The region’s health care systems face several challenges. They include conflicts, poverty, unemployment, food insecurity, climate change, inequality, and industrialisation. Because of competing demands, prioritising health is onerous. We noted earlier that sub-Saharan Africa heavily relies on Foreign Aid – it hasn’t helped entirely. It is astounding that the African Union established the African Centre for Disease Control after the US CDC committed to providing Aid; however, this only substantiated when EBOLA hit West Africa in 2013 13.
Of the 2.4 million infant deaths that occur in the first 28 days of a child’s life, sub-Saharan Africa carries a big chunk of them. When compared to the higher-income nations, infants are ten times more likely to die. Pregnant women are fifty times more likely to succumb. In 2018, sub-Saharan Africa had the highest neonatal mortality globally, at 27 for every 1000 live births.

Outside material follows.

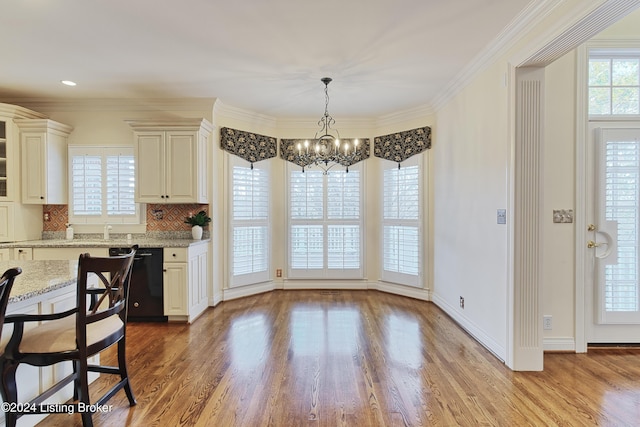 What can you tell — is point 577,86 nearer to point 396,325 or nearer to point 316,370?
point 396,325

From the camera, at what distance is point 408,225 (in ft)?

The risk that a child will die before their first birthday is highest in this region at 52 for every 1000 live births – yet that of Europe is 7 for every 1000 live births. Preterm births, birth asphyxia, infections, and congenital anomalies top the causes of neonatal deaths 6.

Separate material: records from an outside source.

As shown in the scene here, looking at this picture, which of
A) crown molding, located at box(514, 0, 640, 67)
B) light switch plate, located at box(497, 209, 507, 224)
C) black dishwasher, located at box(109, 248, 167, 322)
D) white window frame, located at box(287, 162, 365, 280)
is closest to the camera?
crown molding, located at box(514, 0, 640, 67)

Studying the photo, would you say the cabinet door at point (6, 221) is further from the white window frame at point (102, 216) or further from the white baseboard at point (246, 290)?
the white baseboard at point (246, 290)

Last but not least, on average, you are likely to die 18.1 years earlier when living in a low-income country than in a high-income country. In the high-income countries, most people dying are old, whereas the reverse is true for low-income countries – 1 in 3 deaths occurs in children under the age of 5. People in low-income countries have reduced life expectancy due to communicable diseases, injuries and maternal conditions 6.
In a nutshell, we should deliberately improve the health and health care systems of sub-Saharan Africa. We should encounter and solve the calamities of poor resource allocation, poor service delivery, resource mismanagement and corruption, poor health infrastructure and brain-drain -both internal and external. We must implement the 2001 Abuja declaration at the bare minimum. For years, we have relied on the Global Vaccine Alliance for expended immunisation programmes. When will we start manufacturing them ourselves? We cannot rely on Foreign Aid forever. We must arise and awaken or, else we shall still dwell in the global income inequality that prevails to-date.